* **Directions**: Retype only the lines below from the one with "A photo of laundry" to the one with "This is part", inclusive, skipping every image.

* **Records supplied**:
•••••

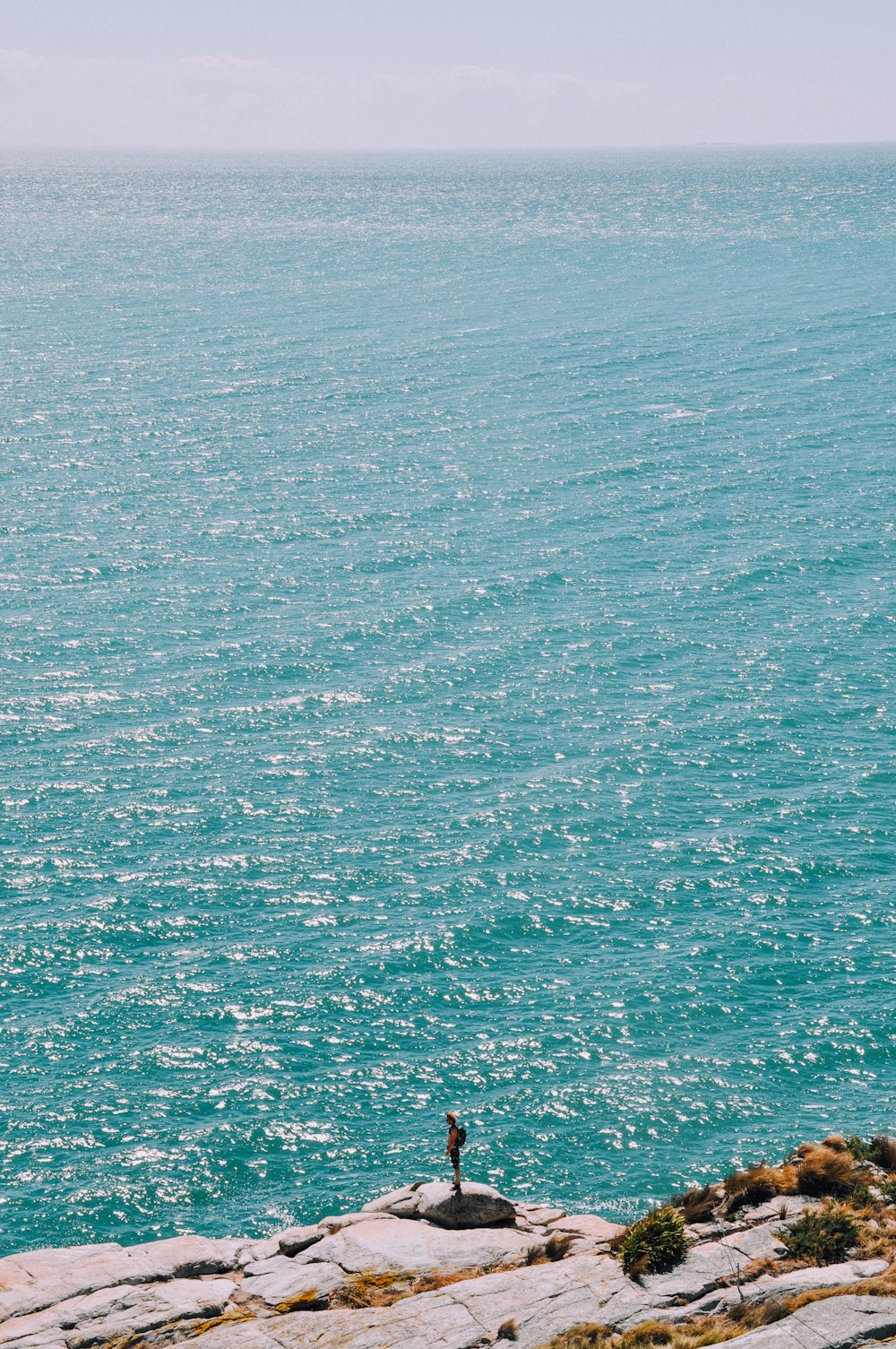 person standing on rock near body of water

•••••

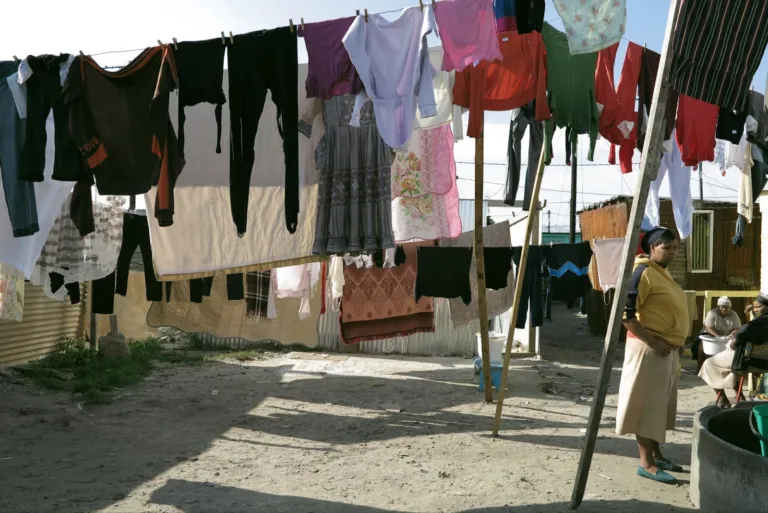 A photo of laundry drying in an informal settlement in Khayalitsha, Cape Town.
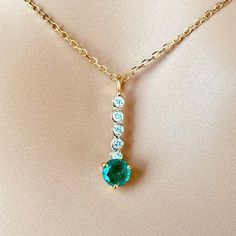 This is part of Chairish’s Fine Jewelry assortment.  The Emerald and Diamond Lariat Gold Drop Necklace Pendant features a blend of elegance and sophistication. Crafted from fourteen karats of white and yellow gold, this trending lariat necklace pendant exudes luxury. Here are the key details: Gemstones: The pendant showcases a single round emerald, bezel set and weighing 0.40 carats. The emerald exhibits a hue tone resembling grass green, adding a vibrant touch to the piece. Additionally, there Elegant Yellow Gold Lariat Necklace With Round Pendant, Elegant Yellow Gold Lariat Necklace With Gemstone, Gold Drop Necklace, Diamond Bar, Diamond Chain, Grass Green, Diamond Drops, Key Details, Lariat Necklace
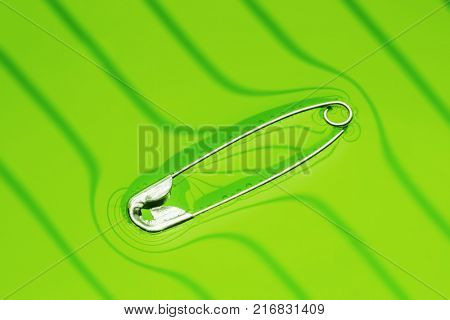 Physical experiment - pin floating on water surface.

•••••

* **Exercise output**:
 A photo of laundry drying in an informal settlement in Khayalitsha, Cape Town.
 This is part of Chairish’s Fine Jewelry assortment.  The Emerald and Diamond Lariat Gold Drop Necklace Pendant features a blend of elegance and sophistication. Crafted from fourteen karats of white and yellow gold, this trending lariat necklace pendant exudes luxury. Here are the key details: Gemstones: The pendant showcases a single round emerald, bezel set and weighing 0.40 carats. The emerald exhibits a hue tone resembling grass green, adding a vibrant touch to the piece. Additionally, there Elegant Yellow Gold Lariat Necklace With Round Pendant, Elegant Yellow Gold Lariat Necklace With Gemstone, Gold Drop Necklace, Diamond Bar, Diamond Chain, Grass Green, Diamond Drops, Key Details, Lariat Necklace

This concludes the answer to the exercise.